Part 1 – The Intake Workflow¶

Before we can analyze anything, we need to load the data, understand its shape, and set up our temporal index.

(Note: For this practical, assume the file magic_mountain_weather.csv is in your working directory. The raw file contains a header row and columns for Date, maximum temperature, minimum temperature, and daily precipitation).

Tasks¶

Load the dataset into a variable called climate_data. Use the parse_dates parameter to instantly convert the "TIMESTAMP" column into datetime objects.
Set the newly parsed "TIMESTAMP" column as the DataFrame’s index.
Run the critical “first 30 seconds” check: Print the .shape of the DataFrame, and then use the .info() method to inspect the data types and look for missing values.

import pandas as pd

# Write your code here

Sample Solution

import pandas as pd

# 1. Load the dataset and instantly parse the timestamp column
climate_data = pd.read_csv("magic_mountain_weather.csv", parse_dates=["TIMESTAMP"])

# 2. Set the parsed timestamp as the DatetimeIndex
climate_data = climate_data.set_index("TIMESTAMP")

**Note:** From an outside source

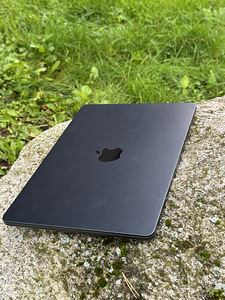 MacBook Air M2 13,6” — 16/256 GB (3 foto / 7)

# 3. The "first 30 seconds" check
print(f"Dataset shape: {climate_data.shape}\n")
climate_data.info()

Part 2 – Cleaning the Mess¶

Based on your .info() output, you should have noticed a few glaring issues. The column names are ugly, there are missing values, and one of the numeric columns is hiding as an object (text) type!

Tasks¶

Rename columns: Use a dictionary to rename the following cryptic columns to standard, lowercase names:
- "T_MAX_C" $\rightarrow$ "temp_max"
- "T_MIN_C" $\rightarrow$ "temp_min"
- "PRECIP_MM" $\rightarrow$ "precip"
Fix data types: The precip column is stored as an object because the sensor occasionally wrote the word "Trace" instead of 0.0 for light snow/rain. First, replace the word "Trace" with "0.0", and then convert the entire column to a float using .astype().
Handle NaNs: You noticed gaps in the temp_max column. Because this is daily time-series data, dropping them or filling them with a static average is scientifically dangerous. Use .interpolate() to estimate the missing temperatures by connecting the dots between the surrounding days.

# Write your code here

Sample Solution

# 1. Rename columns using a dictionary
climate_data = climate_data.rename(columns={
    "T_MAX_C": "temp_max",
    "T_MIN_C": "temp_min",
    "PRECIP_MM": "precip"
})

# 2. Fix the precip column: replace text and convert to float
climate_data["precip"] = climate_data["precip"].replace("Trace", "0.0")
climate_data["precip"] = climate_data["precip"].astype(float)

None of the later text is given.